Talat, Osmanlı İmparatorluğu’nun Türkleştirilmesinin en temel savunucularından biriydi. Dahiliye Nazırı olarak, Ermeni Soykırımı’nın planlanmasında ve uygulanmasında asıl sorumluluğu üstendi. Sürgünleri yürütmek için kendi otoritesine bağlı vilayetlerde yönetimdeki astlarını kullandı. Ermenilerin evlerini terk etmeleri için verilen 1915 emirleri onun imzasını taşıdı, aslen katliam emelleri taşıdığını ortaya koyan ardılındaki tehcir emirleirnde ismi olduğu gibi. Talat süreci bizzat yönetti ve telegraf makinesini kullanma kabiliyeti, emirleri almak ve yürütmek için özel olarak yetkilendirilen, direkt ve gizli iletişimlerle İttihat ve Terakki’deki diğer yandaşları üzerinden vilayet yönetimlerinde kendi hükumet politikalarını yürütme kapasitesini arttırdı. Bu operasyon metodu, merkez hükumetin mekanizmasını engelledi ve İttihat ve Terakki fanatiklerinin devleti kendi komplo emelleri için devirmesine izin verdi.

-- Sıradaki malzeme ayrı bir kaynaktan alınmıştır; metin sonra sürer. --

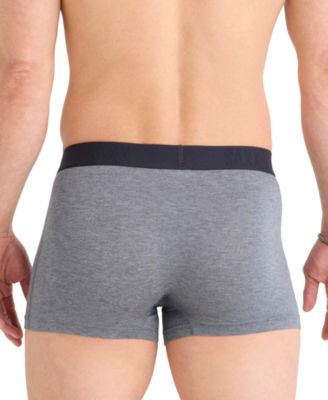 Men's 2pk. Relaxed-Fit Daytripper Boxer Briefs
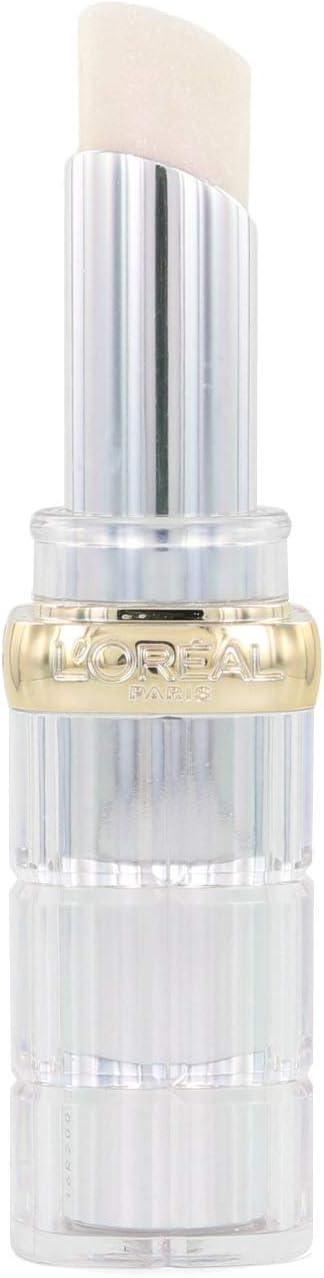 L'oreal Color Riche Shine Plump Lipstick 905 Bae - Scent Shave And All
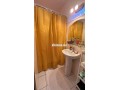 appartement-a-louer-50-m2-a-casablanca-small-7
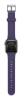 Bild på OTTERBOX OB W BAND APPLE WATCH 10-S 77-96913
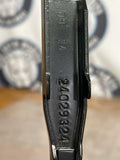 2024+ Ford Mustang GT Gen 4 S650 Wiper Arm Pair 250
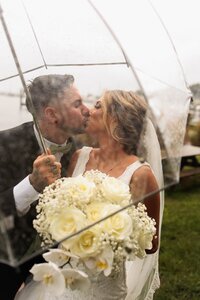 IMG_7922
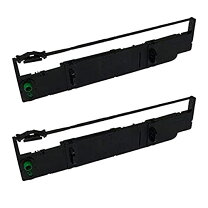 (業務用3せッと) いンくりボン EF-1285BS 業務用3せッと 純正品 NEC えぬいーしー いンくかーとりッジ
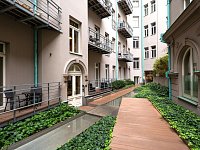 Prodej  bytu 2+kk,  Garáž k bytu – v Top centru města , Praha 1 - pzm-4.jpg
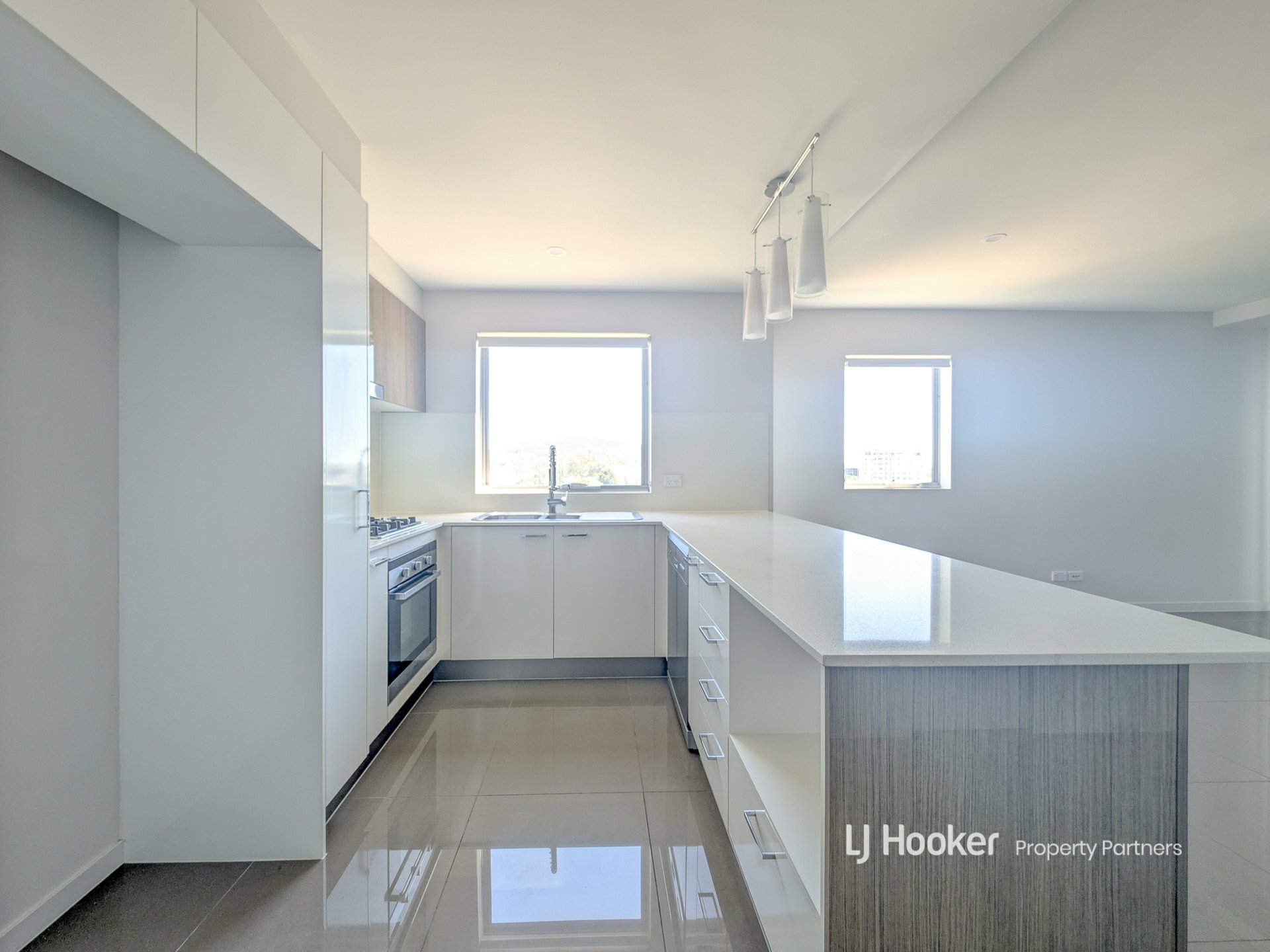 1424/1-5 Cremin Street, UPPER MOUNT GRAVATT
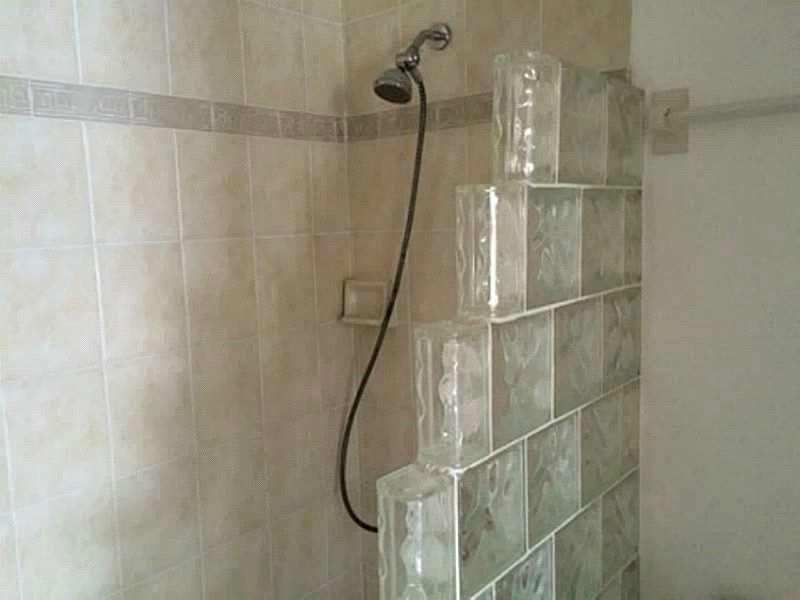 Northport Condo - Residential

Sistematik tasviyelerin uzak güzergahlara taşınması ile birlikte, bir kasabadan diğerine organize ve planlı yürütülen Ermeni tehciri tamamen beklenmedik bir şekilde yürütülmekle birlikte düşük bir bedele mal oldu ve mülkiyetlerin metodik bir şekilde yağmalanması Talat’ın hesaplı zulmünün kapasitesini gösterdi ve İttahat ve Terakki’de gücünü ve prestijini arttırdı.
Müttefik Devletlerin kendisini ve yandaşlarını Ermeni Soykırımı’ndan sorumlu tutma niyetinin sonuçlarını bildiğinden, Talat ülkeden kaçıp sahte bir kimlik altında yaşadı. Savaş sonrası Osmanlı hükumetinin yürüttüğü İstanbul Askeri Mahkemesi’nde, Talat gıyabında yargılanarak, katliam dahil olmak üzre, işlediği suçlardan idam cezasına çarptırıldı. Almanya, Talat’ı iade etmeyi reddetiyse de, 1921’de Berlin’de, aile üyeleri memleketleri olan Erzincan’dan silinen bir Ermeni olan, Soğomon Tehliriyan tarafından vuruldu. Talat’ın ölümü bir taşkınlık yarattı, ve Tehliriyan’ın yargılanması savaş zamanında Alman hükumetinin Ermeni katliamları hakkında bilgi sahibi olduğunu Alman halkından sakladığını büyük bir basın vakası haline gelerek ortaya çıkardı. Alman görevlilerinin şahitlik ifadelerini dinleyen jüri, Tehliriyan’ı suçsuz buldu. Talat’a gelince, kendisinden geriye kalanlar 1943’te Nazi Almanyası tarafından İstanbul’a geri teslim edildi ve şeref payeleri ile gömüldü.